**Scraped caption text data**
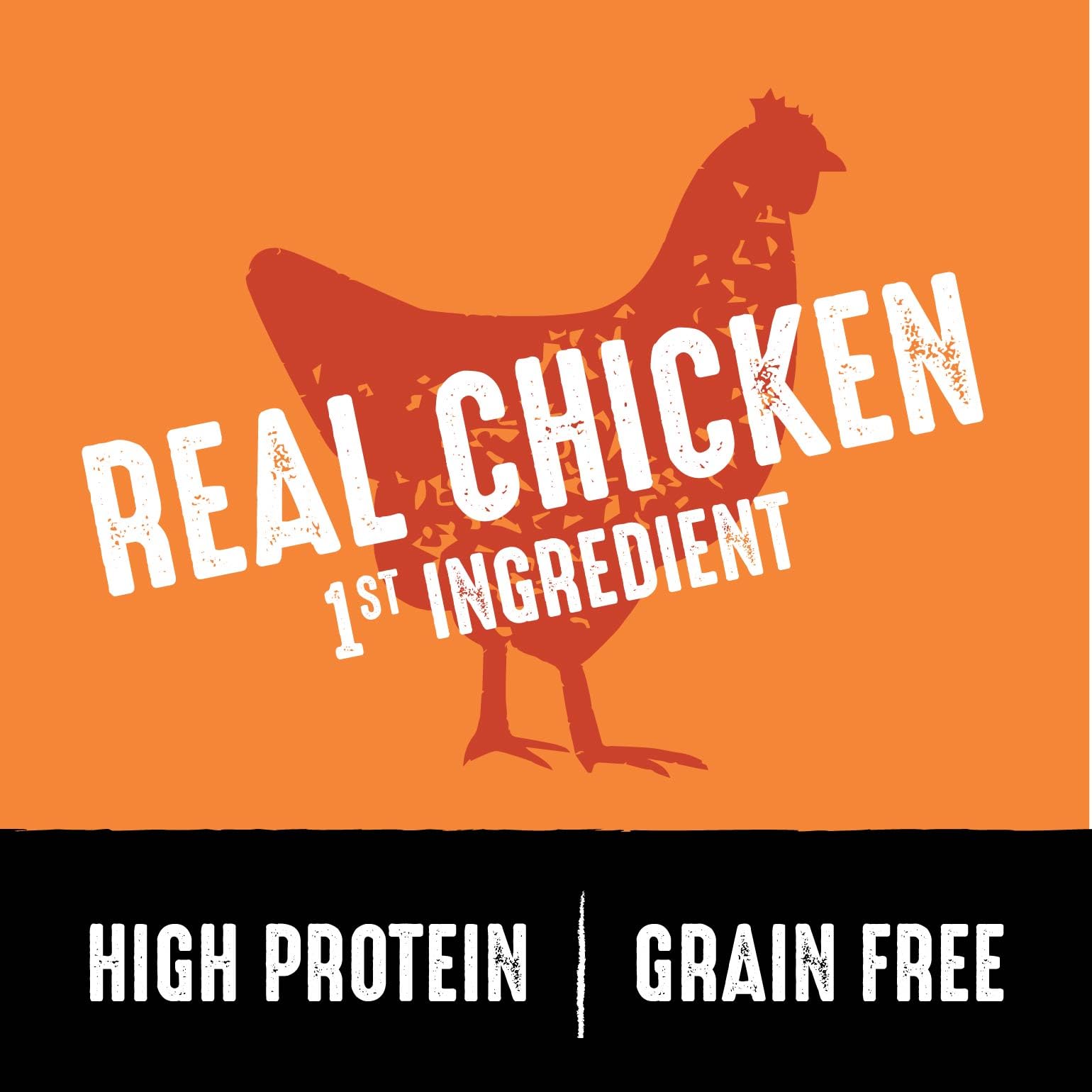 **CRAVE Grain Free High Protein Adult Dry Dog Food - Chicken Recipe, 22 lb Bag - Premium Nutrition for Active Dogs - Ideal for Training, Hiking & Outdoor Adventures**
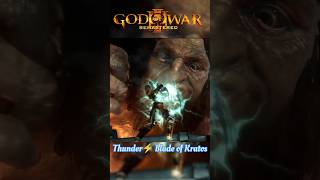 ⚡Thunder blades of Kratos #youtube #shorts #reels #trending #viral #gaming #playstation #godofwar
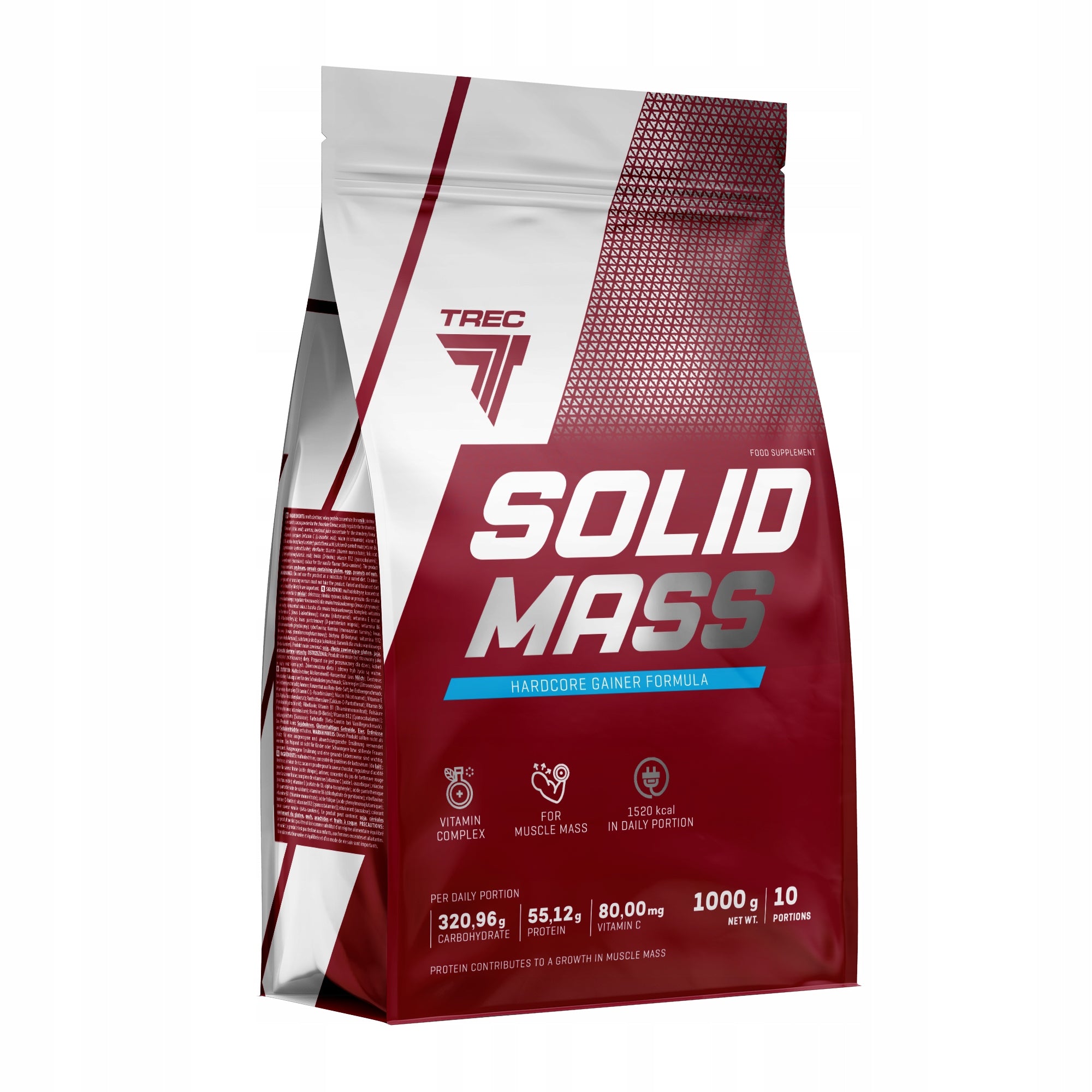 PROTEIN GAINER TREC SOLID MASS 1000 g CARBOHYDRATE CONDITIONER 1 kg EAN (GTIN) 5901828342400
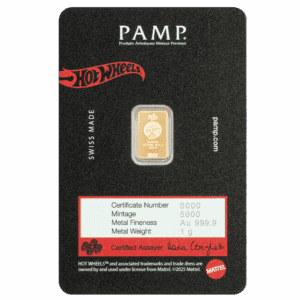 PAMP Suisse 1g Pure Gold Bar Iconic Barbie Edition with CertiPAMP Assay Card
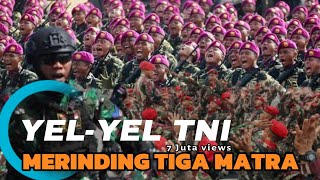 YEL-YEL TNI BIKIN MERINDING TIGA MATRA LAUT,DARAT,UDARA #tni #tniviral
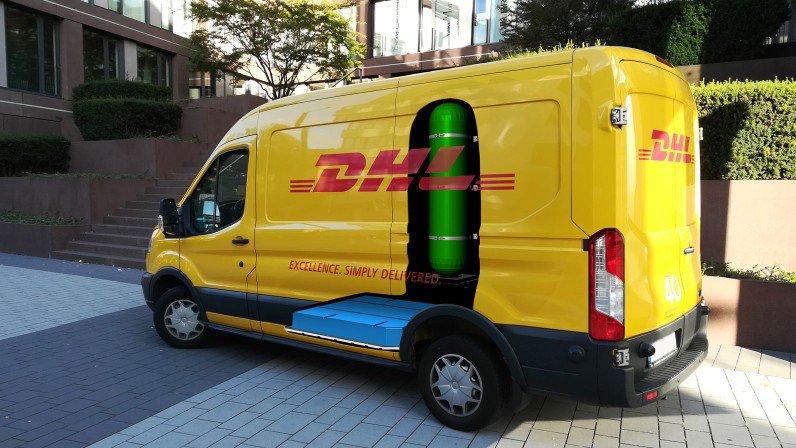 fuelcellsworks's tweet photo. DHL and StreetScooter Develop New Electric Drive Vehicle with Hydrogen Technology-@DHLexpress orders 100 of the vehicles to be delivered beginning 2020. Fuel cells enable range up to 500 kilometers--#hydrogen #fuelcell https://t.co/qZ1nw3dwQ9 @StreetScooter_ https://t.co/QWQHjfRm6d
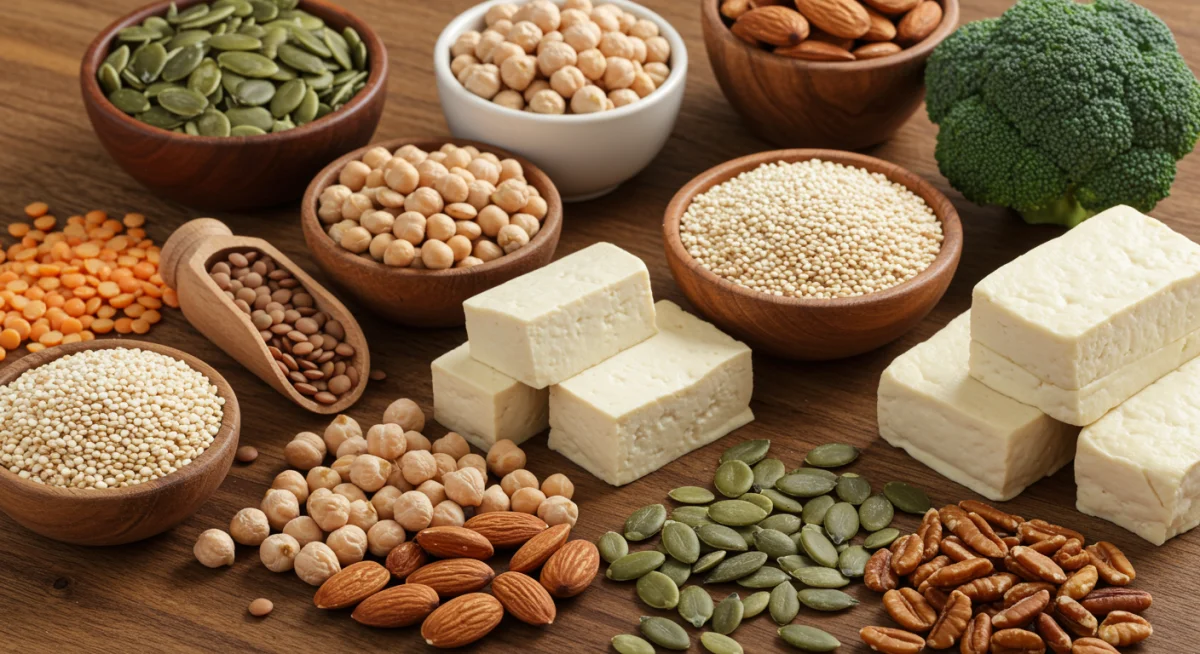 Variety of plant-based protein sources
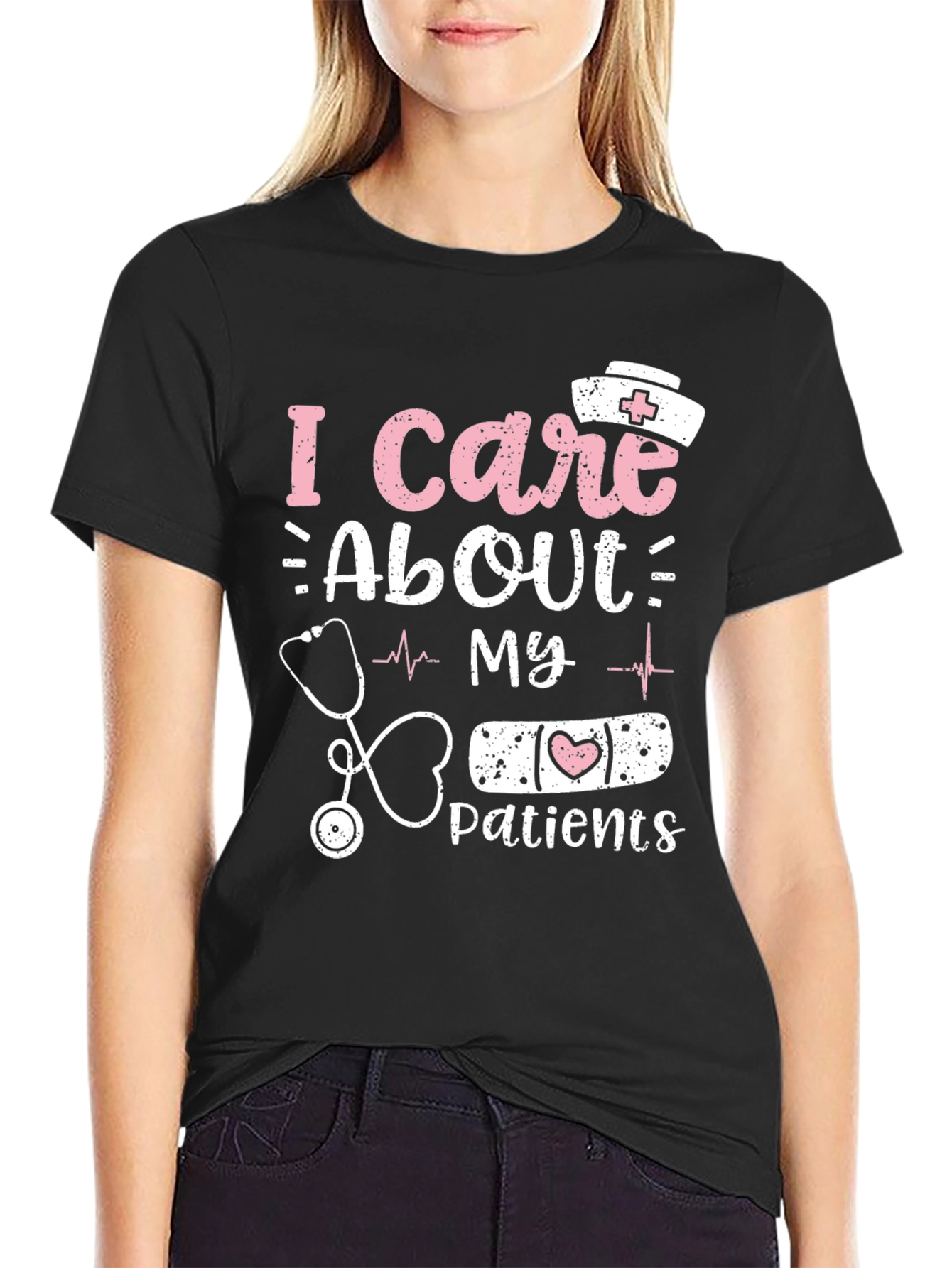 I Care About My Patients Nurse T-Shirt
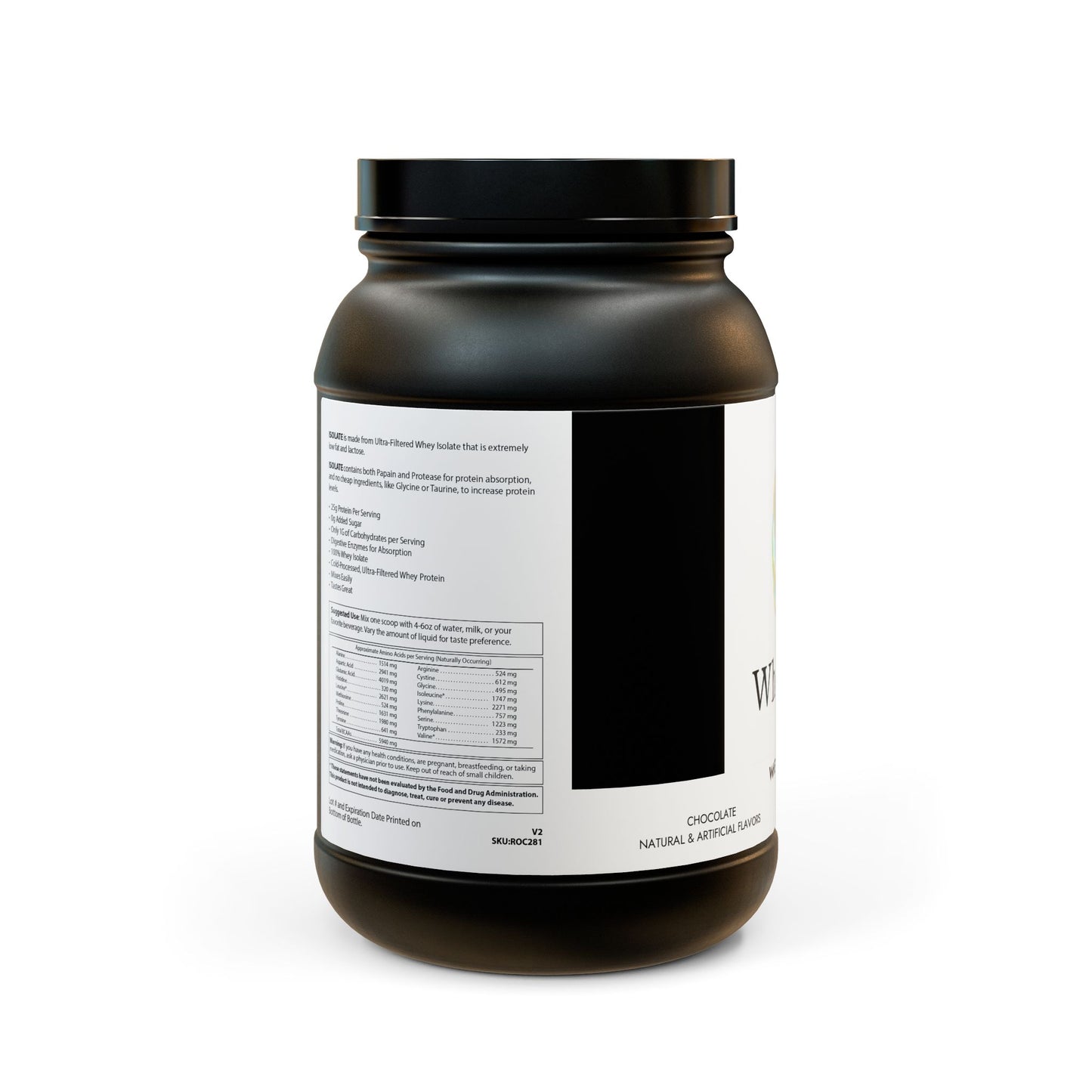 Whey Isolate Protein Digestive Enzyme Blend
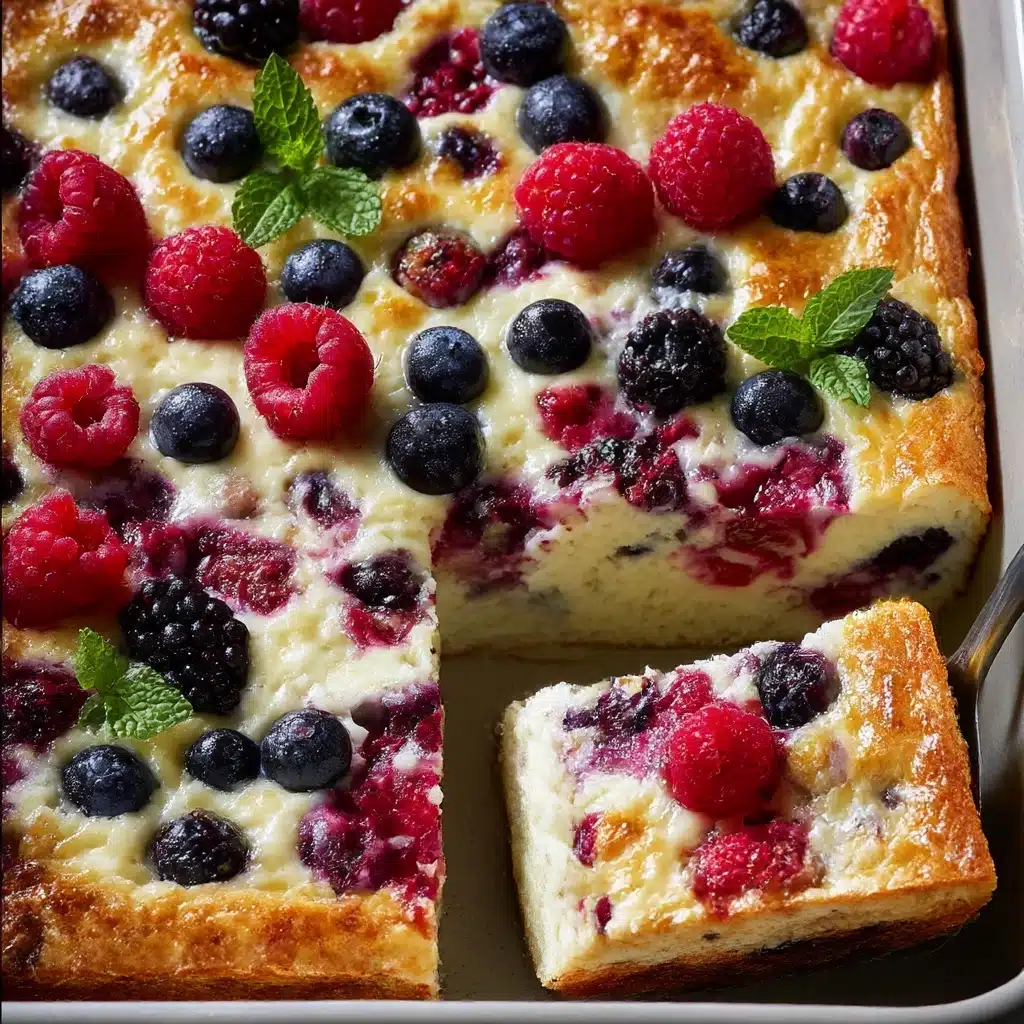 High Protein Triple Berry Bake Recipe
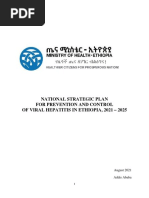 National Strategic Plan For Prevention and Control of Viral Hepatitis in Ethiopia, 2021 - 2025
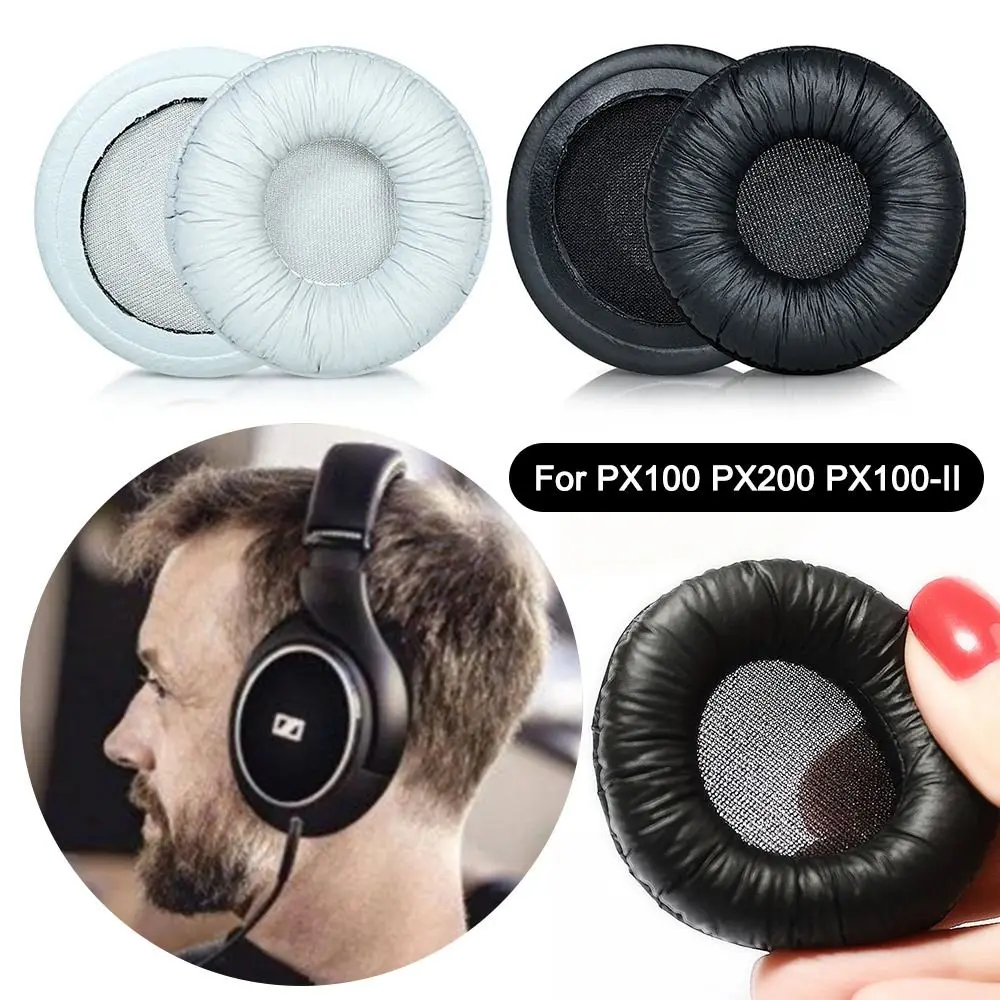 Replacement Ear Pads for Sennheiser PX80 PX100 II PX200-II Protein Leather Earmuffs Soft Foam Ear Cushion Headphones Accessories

**TASK DETAILS**
Ignoring the pictures, write out word for word only the lines from the one containing "fuelcellsworks's tweet photo." through the last line of the data, both ends included.

**WRITTEN RESPONSE**
 fuelcellsworks's tweet photo. DHL and StreetScooter Develop New Electric Drive Vehicle with Hydrogen Technology-@DHLexpress orders 100 of the vehicles to be delivered beginning 2020. Fuel cells enable range up to 500 kilometers--#hydrogen #fuelcell https://t.co/qZ1nw3dwQ9 @StreetScooter_ https://t.co/QWQHjfRm6d
 Variety of plant-based protein sources
 I Care About My Patients Nurse T-Shirt
 Whey Isolate Protein Digestive Enzyme Blend
 High Protein Triple Berry Bake Recipe
 National Strategic Plan For Prevention and Control of Viral Hepatitis in Ethiopia, 2021 - 2025
 Replacement Ear Pads for Sennheiser PX80 PX100 II PX200-II Protein Leather Earmuffs Soft Foam Ear Cushion Headphones Accessories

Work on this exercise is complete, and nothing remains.